Jéssica Sena de Souza

Ph.D. Student

Jessica Sena is a PhD student in Computer Science at Universidade Federal de Minas Gerais (UFMG), where she also received her B.Sc. and M.Sc. degrees in Information Systems and Computer Science, respectively.  She is currently at UFMG as researcher at Smart Sense Laboratory (SENSE/UFMG). Her research interests include computer vision, smart surveillance and machine learning applications, with focus on visual and sensorial pattern recognition.

Master Thesis

Jessica Sena: Human Activity Recognition based on Wearable Sensors using Multiscale DCNN Ensemble. Federal University of Minas Gerais, 2018.
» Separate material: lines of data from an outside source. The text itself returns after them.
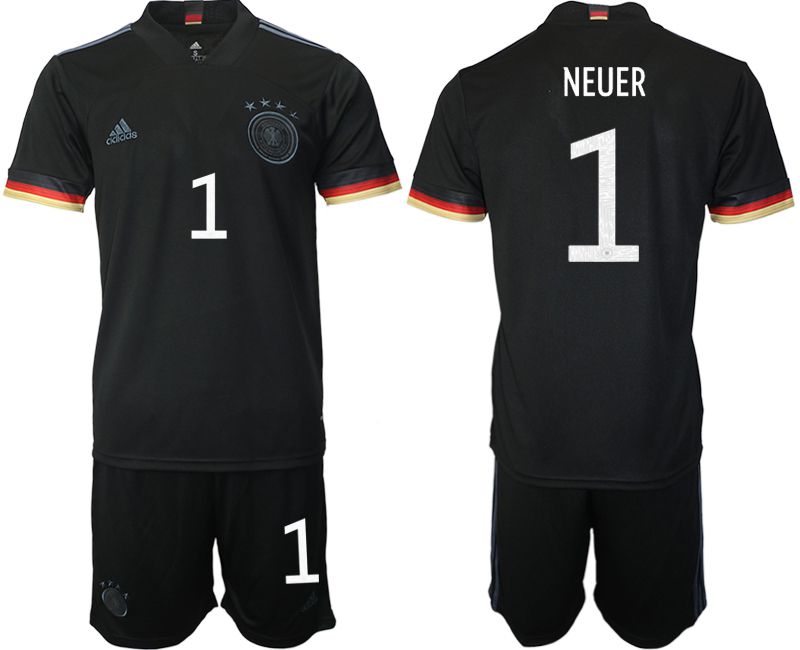 Men 2020-2021 European Cup Germany away black #1 Adidas Soccer Jersey->germany jersey->Soccer Country Jersey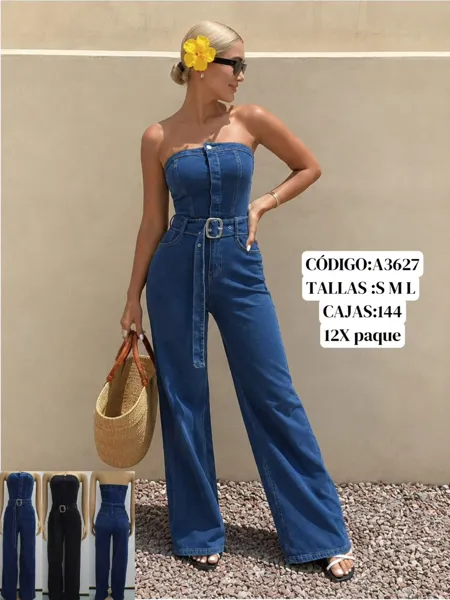 Jumpsuit de mezclilla strapless con cinturón
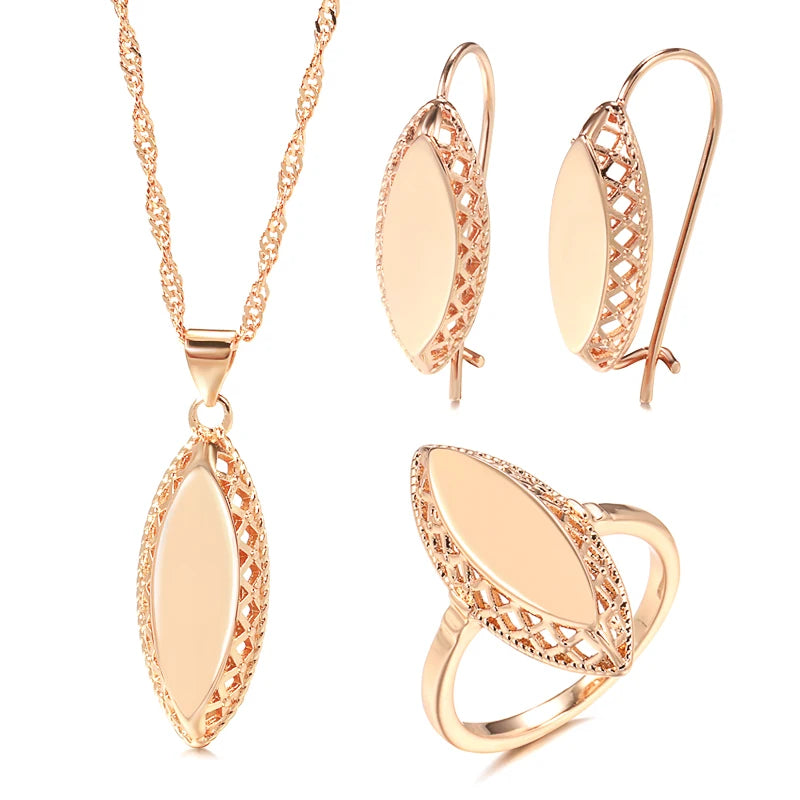 Rose Gold Simple Rhombus Weaving Glossy Necklace Earrings Ring Set for Women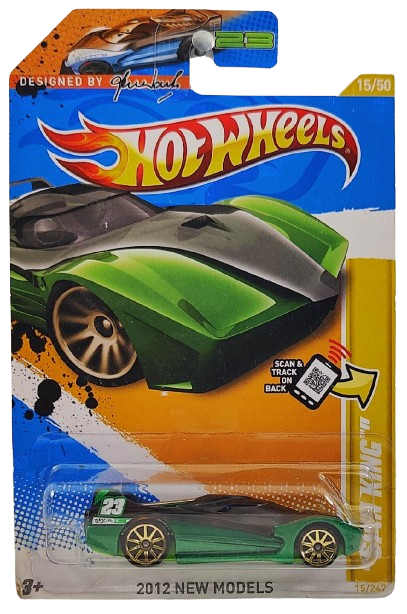 Hot Wheels 2012 - Collector # 015/247 - New Models 15/50 - Spin King - Metalflake Green - Gold 10 Spoke Wheels - USA Card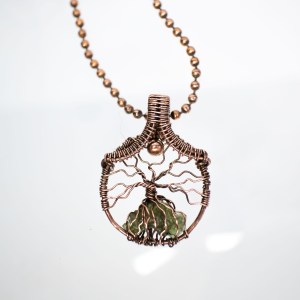 Moldavite tree of life copper pendant
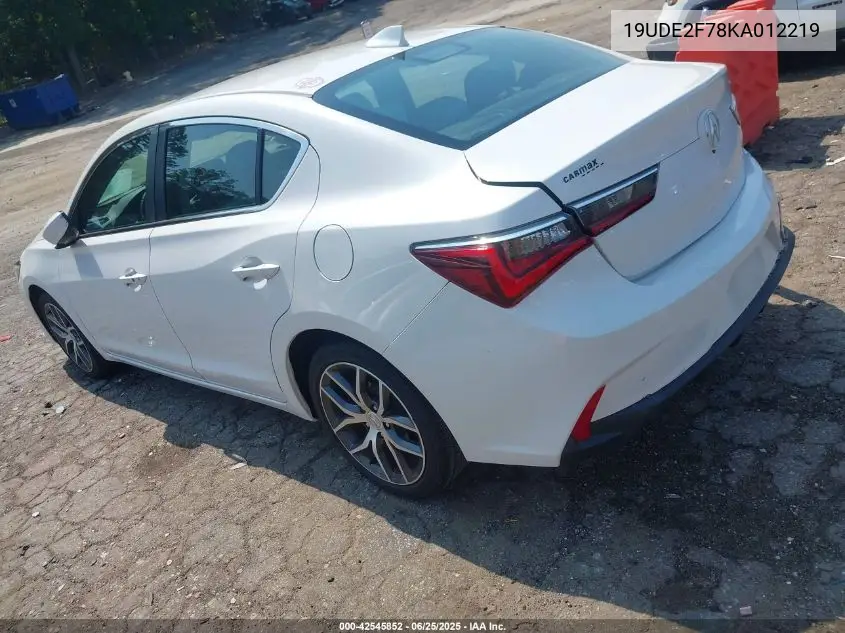 2019 Acura Ilx Premium Package/Technology Package VIN: 19UDE2F78KA012219 Lot: 42545852
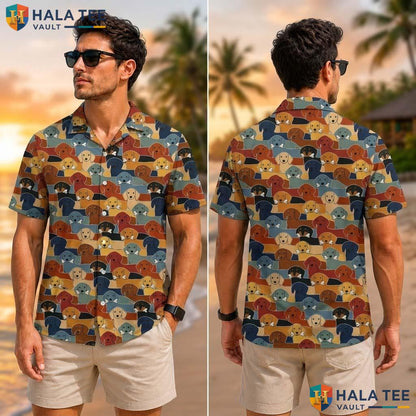Dachshund Graphic Farm Life Tropical Shirt Mens Aloha Vacation Apparel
Sensor-based Human Activity Recognition (sensor-based HAR) provides valuable knowledge to many areas, such as medical, military and security. Recently, wearable devices have gained space as a relevant source of data due to the facility of data capture, the massive number of people who use these devices and the comfort and convenience of the device. In addition, the large number of sensors present in these devices provides complementary data as each sensor provides different information. However, there are two issues: heterogeneity between the data from multiple sensors and the temporal nature of the sensor data. We believe that mitigating these issues might provide valuable information if we handle the data correctly. To handle the first issue, we propose to processes each sensor separately, learning the features of each sensor and performing the classification before fusing with the other sensors. To exploit the second issue, we use an approach to extract patterns in multiple temporal scales of the data. This is convenient since the data are already a temporal sequence and the multiple scales extracted provide meaningful information regarding the activities performed by the users. We extract multiple temporal scales using an ensemble of Deep Convolution Neural Networks (DCNN). In this ensemble, we use a convolutional kernel with different height for each DCNN. Considering that the number of rows in the sensor data reflects the data captured over time, each kernel height reflects a temporal scale from which we can extract patterns. Consequently, our approach is able to extract both simple movement patterns such as a wrist twist when picking up a spoon and complex movements such as the human gait. This multimodal and multi-temporal approach outperforms previous state-of-the-art works in seven important datasets using two different protocols. We also demonstrate that the use of our proposed set of kernels improves sensor-based HAR in another multi-kernel approach, the widely employed inception network.